The node is healthy if:
- there is a medium amount of traffic
- no errors 
- no latency 
- there are available resources

The scenario can be;
- if there is a high traffic/low traffic (traffic = 2 / traffic = 0):
  1. it will lead to high usage of resources (saturated = 1) at the next step
  1. this saturation will cause latency (latency = 1) at the next step 
  1. eventually (error = 1).

we want to be able to predict some of them:
- i.e latency and errors ..  
- based on that prediction we decide if the node is healthy.


## Install Libraries

In [None]:
!pip install -q --upgrade ipython==5.5.0
!pip install -q --upgrade ipykernel==4.10

In [None]:
try:
  %pip install --quiet --user --upgrade watermark 
  %pip install --quiet --user --upgrade "graph_nets>=1.1" "dm-sonnet>=2.0.0b0"
  import sonnet
except ModuleNotFoundError:
  import os
  print('libraries installed. restarting ...')
  os.kill(os.getpid(), 9)

In [None]:
%load_ext watermark

In [None]:
%watermark -u -n -t -z -p numpy,tensorflow,sonnet,graph_nets -g

## Configure Environment



In [None]:
#@title Imports
import time
import copy
import itertools

import tensorflow as tf
import networkx as nx
import sonnet as snt

from matplotlib import pyplot as plt
try:
  import seaborn as sns
except ImportError:
  pass
else:
  sns.reset_orig()

from graph_nets import blocks
from graph_nets import utils_tf
from graph_nets import utils_np
from graph_nets.demos_tf2 import models

import numpy as np

import matplotlib.pyplot as plt
plt.rcParams["figure.figsize"] = (20,3)

In [None]:
#@title Set Random seeds
SEED = 42 #@param
np.random.seed(SEED)
tf.random.set_seed(SEED)

In [None]:
NODE_HEALTH_THRESHOLD = 0.85 # @param
EDGE_HEALTH_THRESHOLD = 0.85 # @param

In [None]:
#@title Load Graph Visualization Functions

def plot_graphs_tuple(graphs_tuple):
  networkx_graphs = utils_np.graphs_tuple_to_networkxs(graphs_tuple)
  num_graphs = len(networkx_graphs)
  _, axes = plt.subplots(1, num_graphs, figsize=(5*num_graphs, 5))
  if num_graphs == 1:
    axes = axes,
  for graph, ax in zip(networkx_graphs, axes):
    plot_graph_networkx(graph, ax)

import collections

NodeStatus = collections.namedtuple('NodeStatus', ['latency', 'errors', 'saturation', 'traffic'])

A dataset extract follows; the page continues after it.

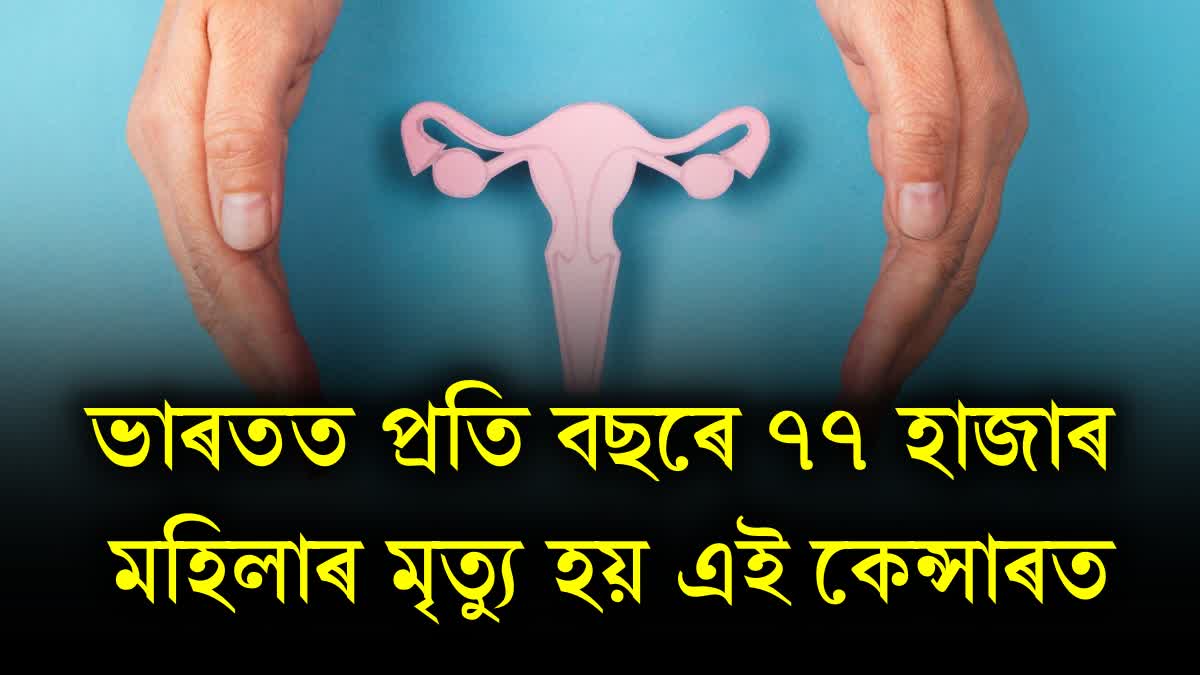 Cervical cancer is killing 77 thousands of women every year in India, know the initial symptoms and causes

NodeStatus.is_healthy = lambda self: (self.latency == 0 and
                                      self.errors == 0 and
                                      self.saturation == 0 and
                                      self.traffic == 1)

EdgeStatus = collections.namedtuple('EdgeStatus', ['latency', 'traffic'])

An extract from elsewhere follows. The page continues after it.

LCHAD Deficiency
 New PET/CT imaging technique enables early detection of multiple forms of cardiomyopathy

EdgeStatus.is_healthy = lambda self: (self.latency == 0 and
                                      self.traffic == 1)
def node_status(d):
  L, E, S, T = np.argmax(d[0:2]), np.argmax(d[2:4]), np.argmax(d[4:6]), np.argmax(d[6:])
  return NodeStatus(L, E, S, T)

def edge_status(d):
  L, T = np.argmax(d[0:2]), np.argmax(d[2:])
  return EdgeStatus(L, T)

def nodefmt(node, data):
  d = data['features']
  L, E, S, T = np.argmax(d[0:2]), np.argmax(d[2:4]), np.argmax(d[4:6]), np.argmax(d[6:])
  if (L == 0 and T == 1 and S == 0 and E == 0):
    return ""
  fmt = []
  if L:
    fmt.append("L") #:{:.2g}".format(L))
  if E:
    fmt.append("E") #:{:.2g}".format(E))
  if S:
    fmt.append("S") # :{:.2g}".format(S))
  if (T == 0 or T == 2):
    fmt.append("T:{:.2g}".format(T))
  return "|".join(fmt)

def edgefmt(sender, receiver, data):
  d = data['features']
  L, T = np.argmax(d[0:2]), np.argmax(d[2:])
  if (L == 0 and T == 1):
    return ""
  fmt = [] 
  if L:
    fmt.append("L") #:{:.2g}".format(L))
  if T:
    fmt.append("T:{:.2g}".format(T))
  return "|".join(fmt)

# def is_nhealthy(node, data):
#   data = data['features']
#   return  np.mean((data[0], data[2], data[4], data[6])) > NODE_HEALTH_THRESHOLD

# def is_ehealthy(sender, receiver, data):
#   data = data['features']
#   return  np.mean((data[0], data[2])) > EDGE_HEALTH_THRESHOLD

ORANGE = '#FFD23F'
RED = '#EE4266'
GREEN = "g"

def edge_color(sender, receiver, data):
  status = edge_status(data['features'])
 
  if status.is_healthy():
    return GREEN
  
  color = GREEN
  
  if status.latency == 1:   # high latency
    color = ORANGE
  if status.traffic == 0:   # low traffic
    color = ORANGE
  elif status.traffic == 2: # high traffic
    color = RED
  return color

def node_color(node, data):
  status = node_status(data['features'])

  if status.is_healthy():
    return GREEN

  color = GREEN
  if status.latency == 1: # high latency
    color = ORANGE
  if status.errors == 1: # has error
    color = RED
    return color
  if status.saturation == 1: # saturated
    color = ORANGE
  if status.traffic == 0: # low traffic
    color = ORANGE
  elif status.traffic == 2: # high traffic
    color = RED
  return color

def plot_graph_networkx(graph, ax, pos=None):
  # node 
  node_labels = {node: nodefmt(node, data) 
                  for node, data in graph.nodes(data=True)
                    if data["features"] is not None}
  # edge
  edge_labels = {(sender, receiver): edgefmt(sender, receiver, data) 
                 for sender, receiver, data in graph.edges(data=True)
                 if data["features"] is not None}
  # unused
  global_label = ("{:.3g}".format(graph.graph["features"][0])
                  if graph.graph["features"] is not None else None)
  
  node_color_map = [node_color(node, data) 
                          for node, data in graph.nodes(data=True)]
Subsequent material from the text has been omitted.